I described in my last post how gold’s core value proposition is as wealth insurance. Here I’ll address why understanding gold as wealth insurance, rather than as just another investment vehicle, is crucial to understanding why gold should be a part of most people’s financial planning.

Gold outperforms

How does gold act as wealth insurance? There are countless examples over the centuries, but let’s look at the past 25 years.

Gold as an investmentAs this graph illustrates, gold has consistently outperformed U.S. stocks, commodities, hedge funds, real estate, and private equity through seven major economic shocks and political crises since 1990.

And in the biggest crisis, the financial meltdown of 2008 – 2009, the most dangerous economic crisis since the Great Depression, gold prices rose while other investments plummeted. Gold as a long-term investment-- 20-yr gold priceThis is the role physical gold has in a financial portfolio: wealth insurance that offsets other losses, protecting your wealth.

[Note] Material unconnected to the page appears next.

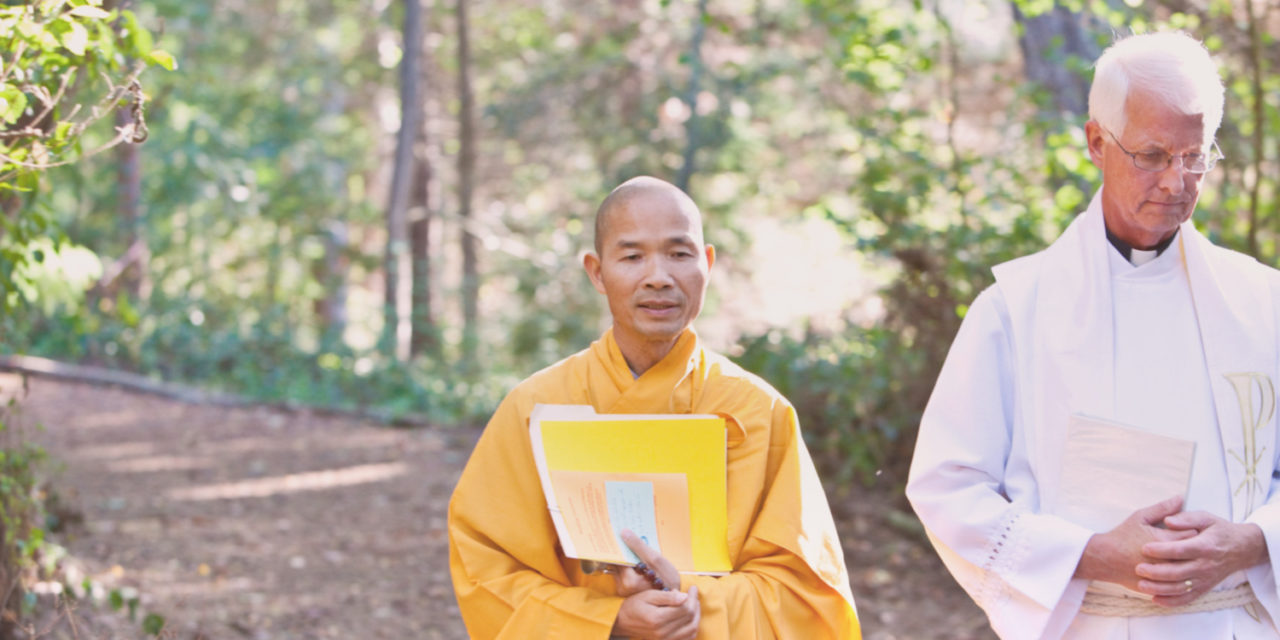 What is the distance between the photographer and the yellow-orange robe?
242 centimetres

Gold’s critics will point out that gold prices can fall, and fall dramatically, like they did after hitting their September 2011 peak. Of course, they’re cherry-picking one 18-month period out of the last 30 years. Over the other 28+ years, gold held its own, and over extended periods during that 30 years, performed extremely well.

Gold is insurance

But to understand gold as wealth insurance, think about other forms of insurance: auto, home, term life. What would your insurance agent say if you asked her how much your policy will be worth after 10, 20, 30 years? She’s going to look at you funny and say something like, “Well, nothing, because insurance isn’t about earning a return, it’s about protection.”

If after paying premiums for 20 or 30 years you’ve never made a claim, you don’t lament spending all that money on insurance. You count your blessings.

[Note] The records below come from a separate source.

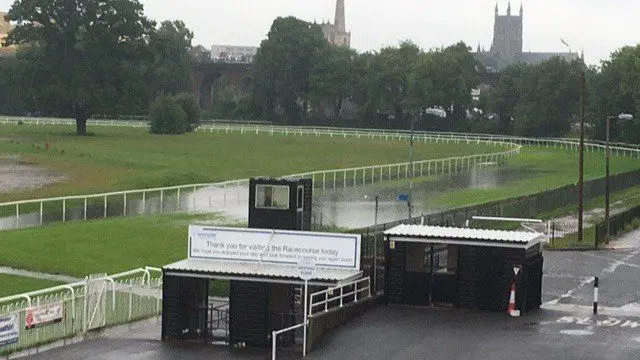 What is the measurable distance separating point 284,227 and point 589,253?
16.5 m

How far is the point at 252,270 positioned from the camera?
29.0 m

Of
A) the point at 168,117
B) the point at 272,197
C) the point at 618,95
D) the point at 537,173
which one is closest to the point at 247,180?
the point at 537,173

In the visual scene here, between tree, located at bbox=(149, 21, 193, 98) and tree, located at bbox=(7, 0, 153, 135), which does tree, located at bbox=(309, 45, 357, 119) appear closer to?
tree, located at bbox=(149, 21, 193, 98)

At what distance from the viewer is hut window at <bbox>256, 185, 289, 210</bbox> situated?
34.9 meters

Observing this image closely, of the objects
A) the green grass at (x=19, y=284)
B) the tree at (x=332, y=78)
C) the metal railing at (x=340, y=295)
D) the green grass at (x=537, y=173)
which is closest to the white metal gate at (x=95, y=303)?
the metal railing at (x=340, y=295)

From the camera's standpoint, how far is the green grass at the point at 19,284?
3653 cm

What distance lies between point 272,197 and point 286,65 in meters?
147

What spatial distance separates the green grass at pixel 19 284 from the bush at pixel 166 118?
96.3 metres

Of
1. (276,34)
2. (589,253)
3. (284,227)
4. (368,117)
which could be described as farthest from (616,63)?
(284,227)

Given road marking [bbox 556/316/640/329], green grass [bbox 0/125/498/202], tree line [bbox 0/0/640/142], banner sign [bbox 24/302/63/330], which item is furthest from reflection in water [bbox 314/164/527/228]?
tree line [bbox 0/0/640/142]

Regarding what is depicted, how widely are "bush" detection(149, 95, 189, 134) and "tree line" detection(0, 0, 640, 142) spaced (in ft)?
0.44

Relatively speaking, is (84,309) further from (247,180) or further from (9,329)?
(247,180)

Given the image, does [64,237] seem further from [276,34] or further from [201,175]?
[276,34]

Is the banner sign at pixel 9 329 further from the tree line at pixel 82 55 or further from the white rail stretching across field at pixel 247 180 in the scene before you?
the tree line at pixel 82 55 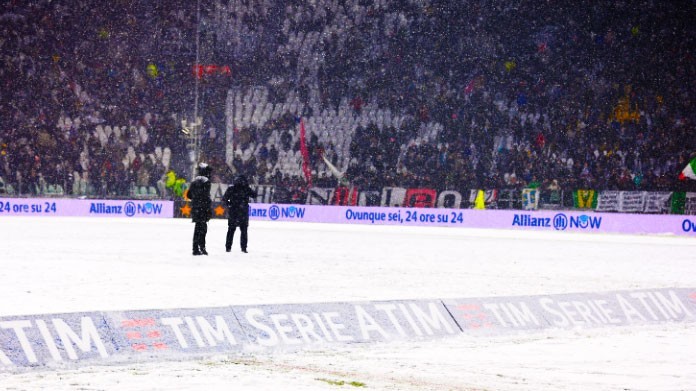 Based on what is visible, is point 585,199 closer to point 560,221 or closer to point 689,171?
point 560,221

The recent decade-long bull market has led us to forget this essential role of gold in a portfolio. Now we think of it solely for its profit potential rather than as wealth protection.

But to understand why gold should be part of a financial portfolio, it’s important to recognize that gold is wealth insurance — with a bonus.

Unlike other forms of insurance, gold not only holds at least a major portion of its value, it can appreciate in value.If you bought gold as wealth insurance 40 years ago, the value of your “policy” today would be worth 12 times what you paid for it. If you bought gold as wealth insurance in 2001, today, your policy would be worth five times what you paid for it, even after gold’s fall off its 2011 peak.

Except for one three-year period over the past 50 years, anyone who bought and held gold is in a profit position today. Said another way, if you bought gold in any of 47 out of the past 50 years, you’ve made money. Your gold insurance is worth more than you paid for it—probably much more.

Critics of gold talk as if gold is the only asset that experiences price declines. Of course, that’s not the case. Stocks, bonds, real estate—all investments—rise and fall in value and none of them are immune to bubbles.

But gold is different. Gold has never lost its entire value. Gold will never be worth $0.